The problem is, I don’t know what is going to happen. I am only certain that she thoroughly dislikes me. No, dislike is much too mild a word for what’s going on here. My mind runs over as many escalating verbs as I can list, while the other half of my brain fretfully attempts to come up with something clever to say during those long, awkward silences.

I realize now I should have known better than to take her dislike, distaste, opposition, aversion, hostility, abhorrence, repugnance, hatred, loathing, detestation, repulsion and utter antipathy for me as something personal. It’s obvious in hindsight she lived in fear that unintelligible America might someday work its way into her carefully molded Chinese world. And now a white girl was finagling her way into the family tree, muddying ancient traditions, upsetting the ancestors and insistently blurring the unblemished Chinese bloodlines that had demarcated their lives for millennia. As far as she was concerned, I was a disaster of epic proportions.

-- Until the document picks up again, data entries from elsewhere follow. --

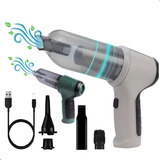 Aspirador De Pó Mini Soprador 3em1 Usb Portatil Recarregável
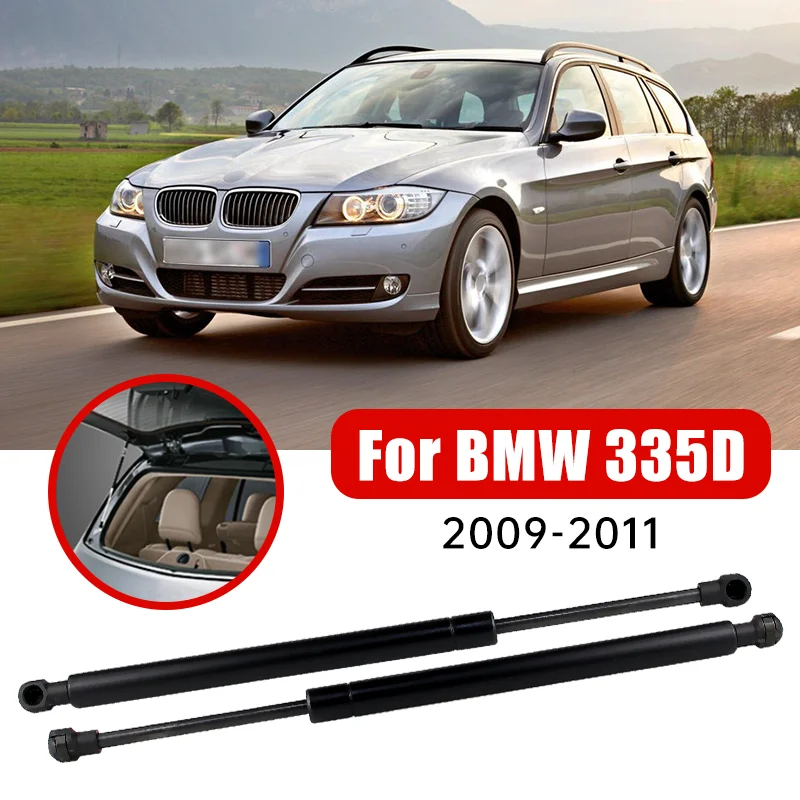 

2 шт. задняя дверь багажника, газовые стойки, поддержка для 2009 2010-2011 BMW-E90 335D Base Sedan, 4-дверный багажник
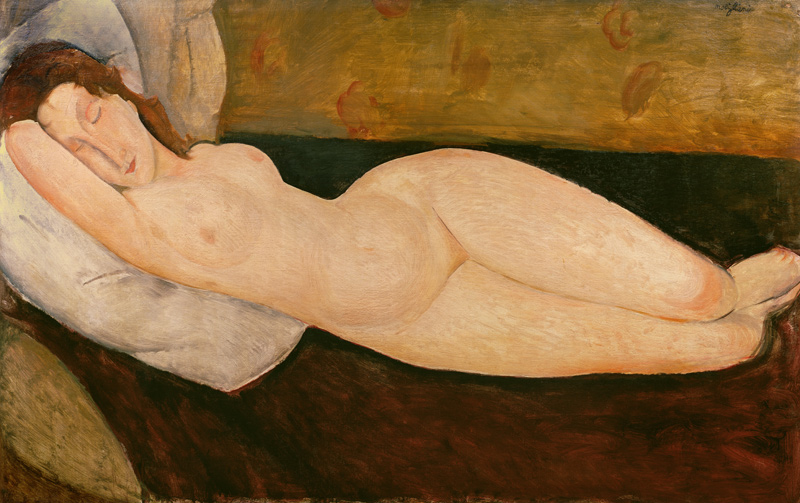 Modigliani / Reclining Nude / 1919 de Amadeo Modigliani
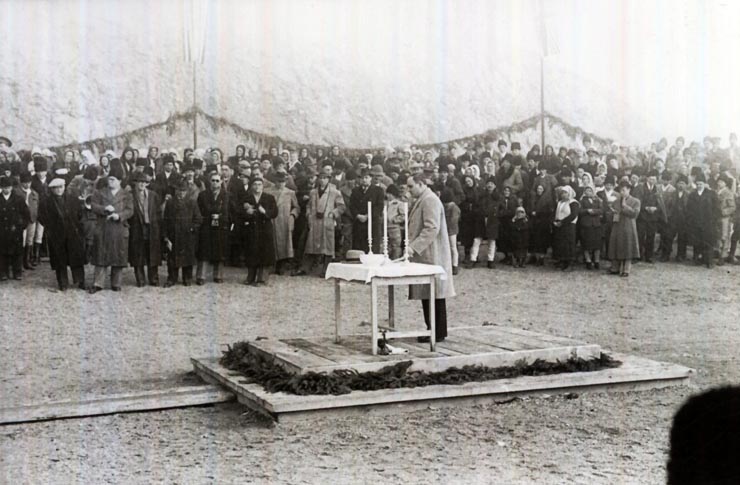 Gh. Gheorghiu–Dej vorbeşte cu prilejul inaugurării viaductului de la Caracău. (16.11.1946).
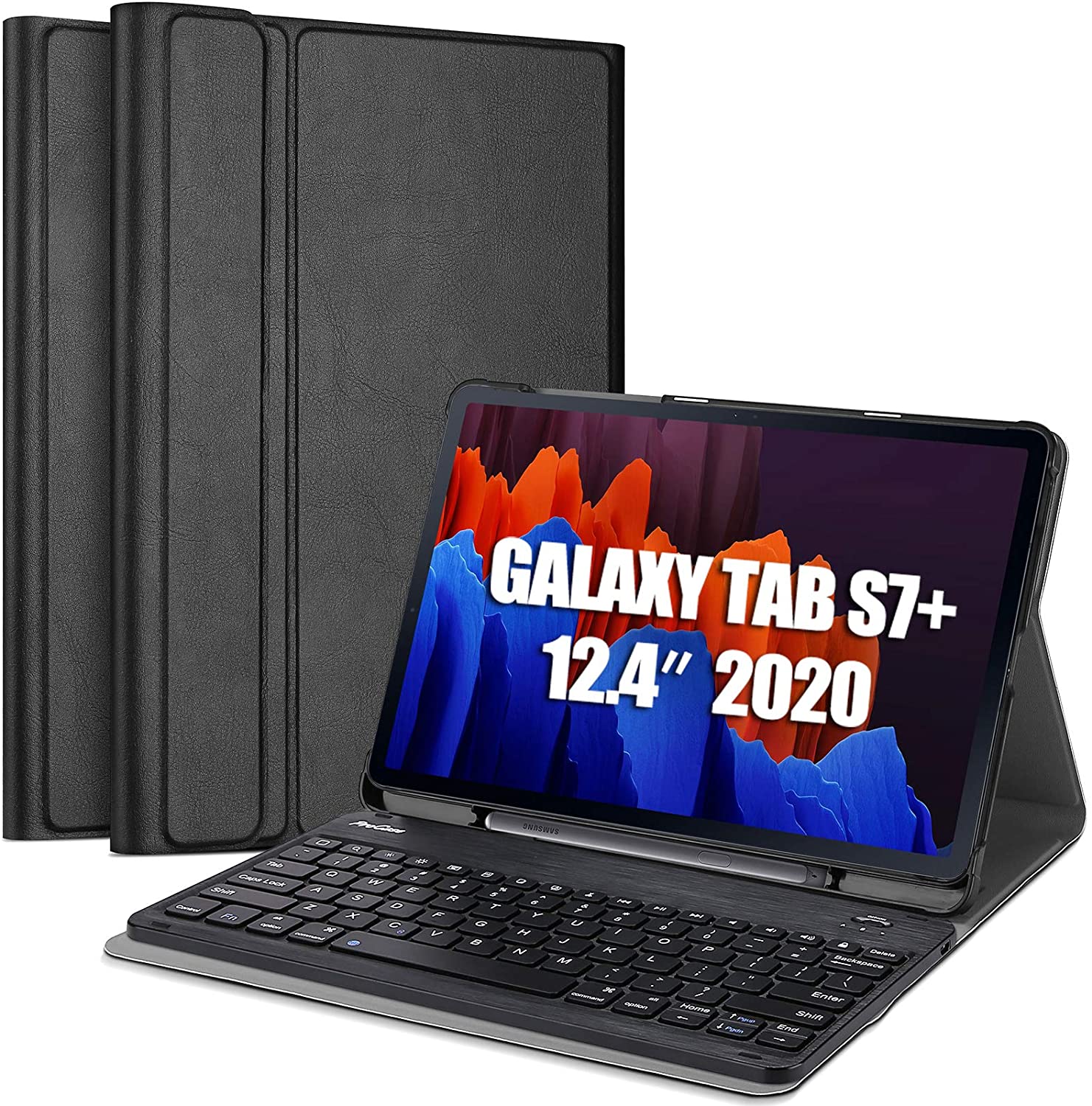 Buy Samsung Galaxy Tab S7 Plus Keyboard Case 12.4 inch 2020 (Model SMT970/T975/T976) with S Pen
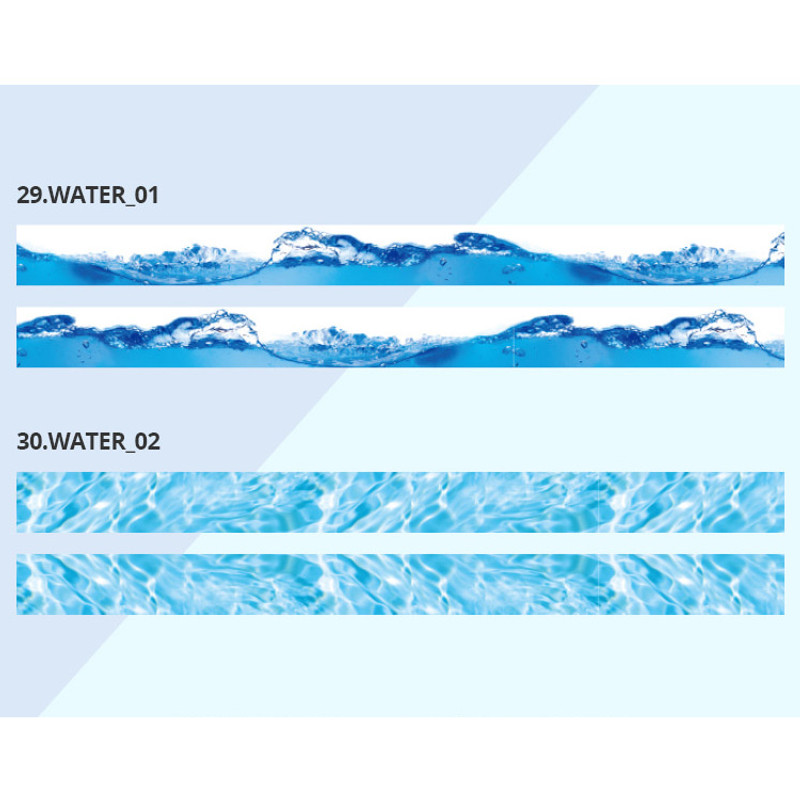 Detail of Universe water 15mm width deco masking tape 07 Detail of Universe water 15mm width deco masking tape 07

Still quite oblivious to my role in this drama, I have invited her over just to feed her, to get to know her, and to give her a chance to know me. I happen to have one arrow left in my quiver, though: I have always loved to cook. I figure that I might be able to use this to my advantage, for she almost never gets to eat dishes from her home in North China. Instead, the clan’s feasting tends to take place mainly in one or another of greater Los Angeles’ Cantonese dining palaces that feature the glorious foods of the South, where our upcoming dinner lazes around in gigantic tanks by our table and shiny lacquered ducks hang in windows before being whacked and served on massive white platters.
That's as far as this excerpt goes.